> [TASK OBJECTIVE] An exact repetition of the data below, without images, is the expected answer.

> [EXERCISE DATA]

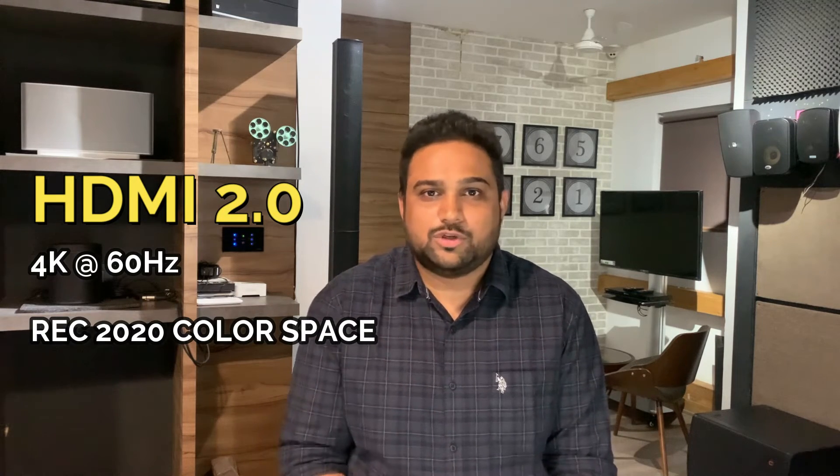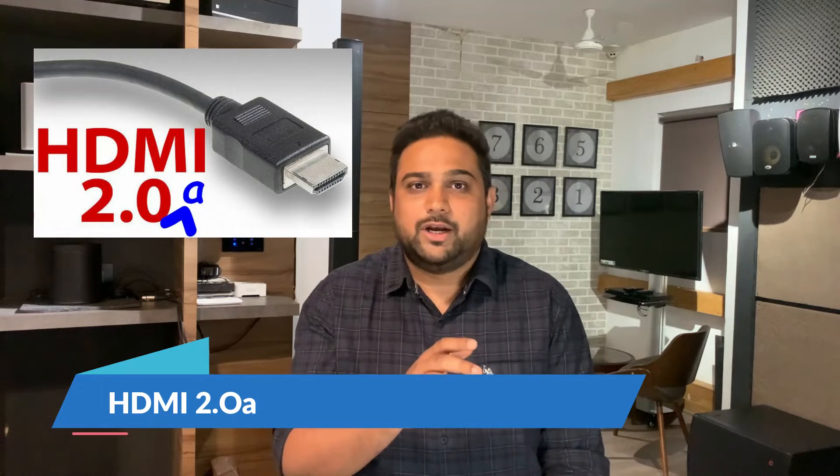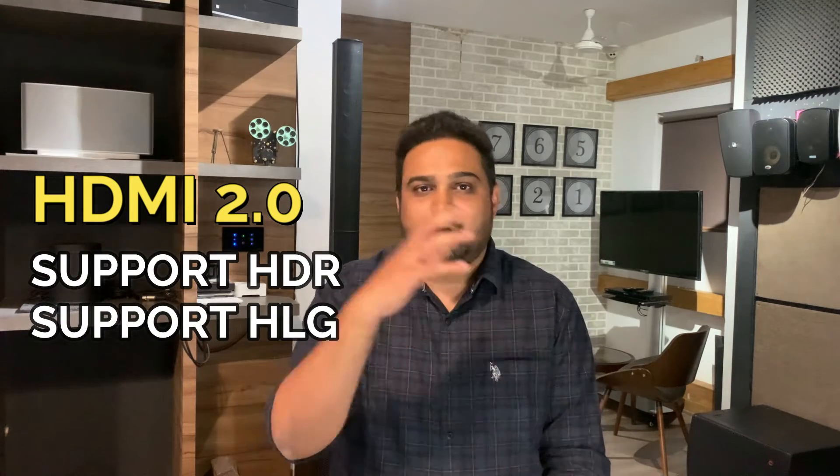The technology was progressing so fast that HDMI 2.0 started falling short, and within two years they announced the next version: HDMI 2.0A. This version added support for static HDR — high dynamic range — and also supported the HLG format, which is the Hybrid Log Gamma format. Both of these were meant for a larger color gamut within the 18 Gbps bandwidth.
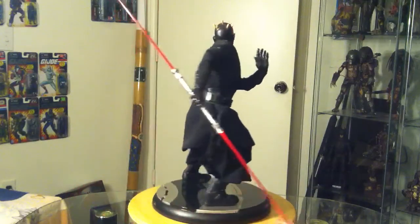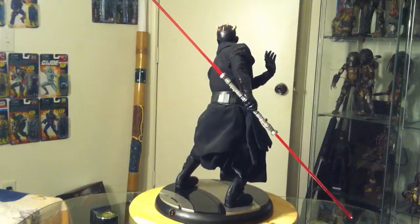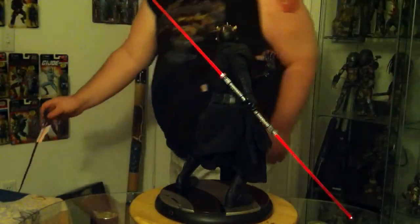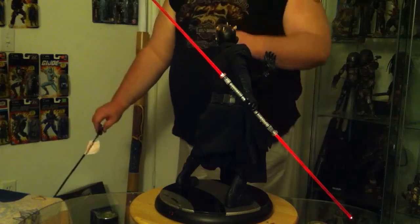The light-up feature on the lightsaber, which doesn't look very impressive here, but if you turn off the lights — I'll turn off some of the easy to reach ones to give you an idea — it definitely is a lot more impressive when you don't have the lights on.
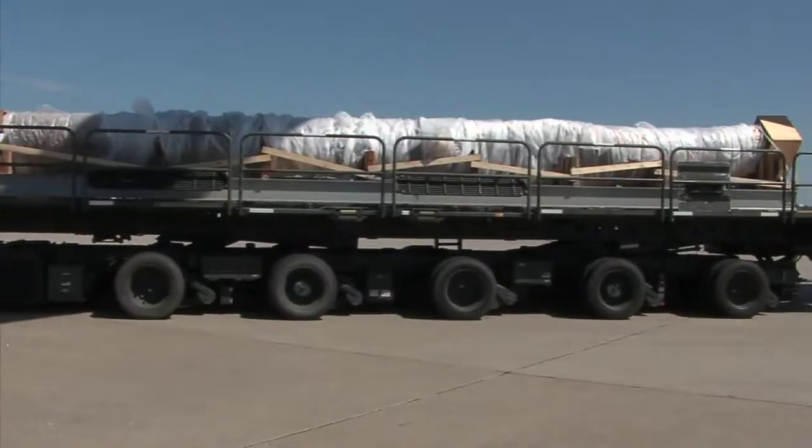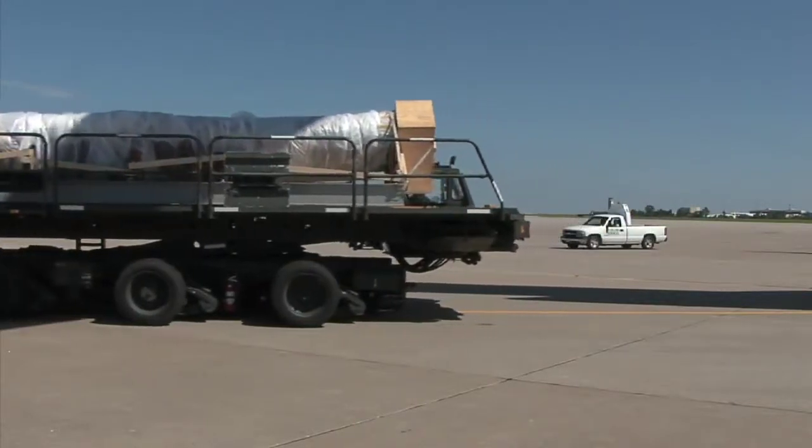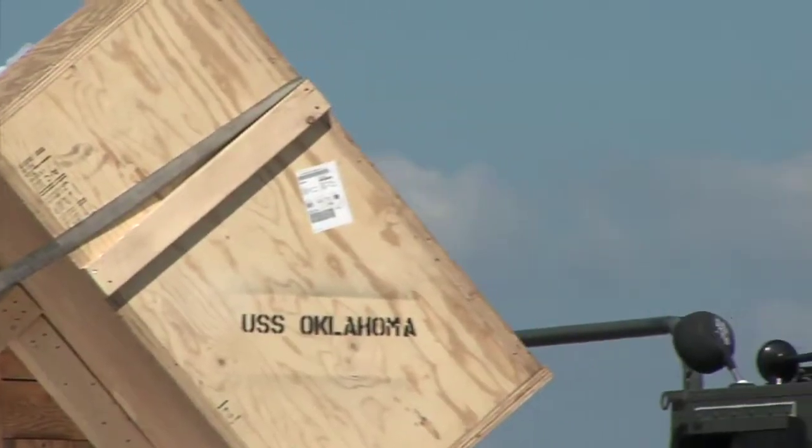It's hard to convey to non-sailors how important his ship is to him. When you're a sailor, it's your mother, your home, and if you spend a lot of time — like we did — it's a fundamental island of security. This is a piece of the Oklahoma coming home.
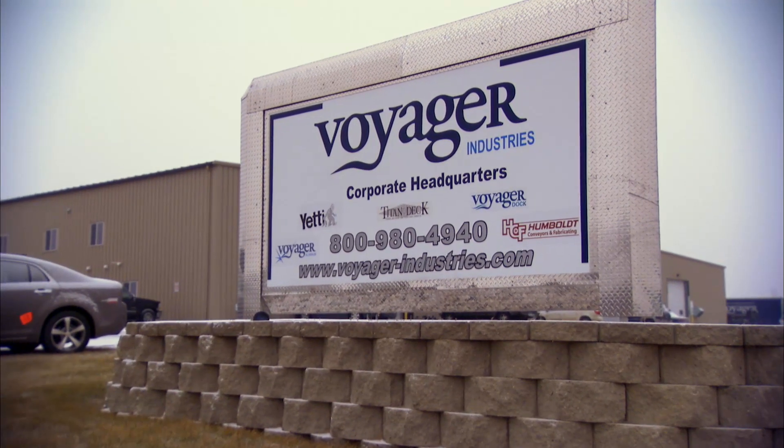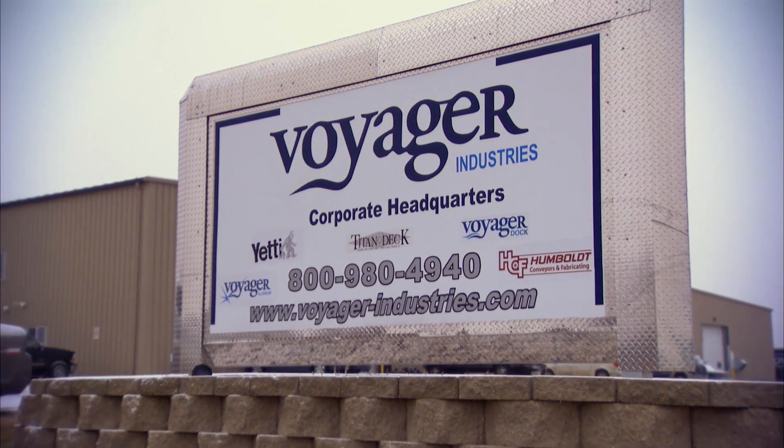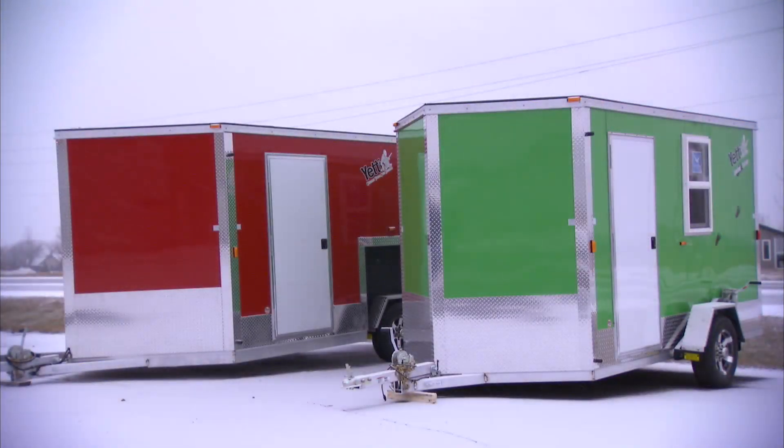The Voyager industry started in about 1997. It started as an aluminum distribution business. We currently have our own dock line and our Yeti fish house line.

> [WRITTEN ANSWER]
The technology was progressing so fast that HDMI 2.0 started falling short, and within two years they announced the next version: HDMI 2.0A. This version added support for static HDR — high dynamic range — and also supported the HLG format, which is the Hybrid Log Gamma format. Both of these were meant for a larger color gamut within the 18 Gbps bandwidth.
The light-up feature on the lightsaber, which doesn't look very impressive here, but if you turn off the lights — I'll turn off some of the easy to reach ones to give you an idea — it definitely is a lot more impressive when you don't have the lights on.
It's hard to convey to non-sailors how important his ship is to him. When you're a sailor, it's your mother, your home, and if you spend a lot of time — like we did — it's a fundamental island of security. This is a piece of the Oklahoma coming home.
The Voyager industry started in about 1997. It started as an aluminum distribution business. We currently have our own dock line and our Yeti fish house line.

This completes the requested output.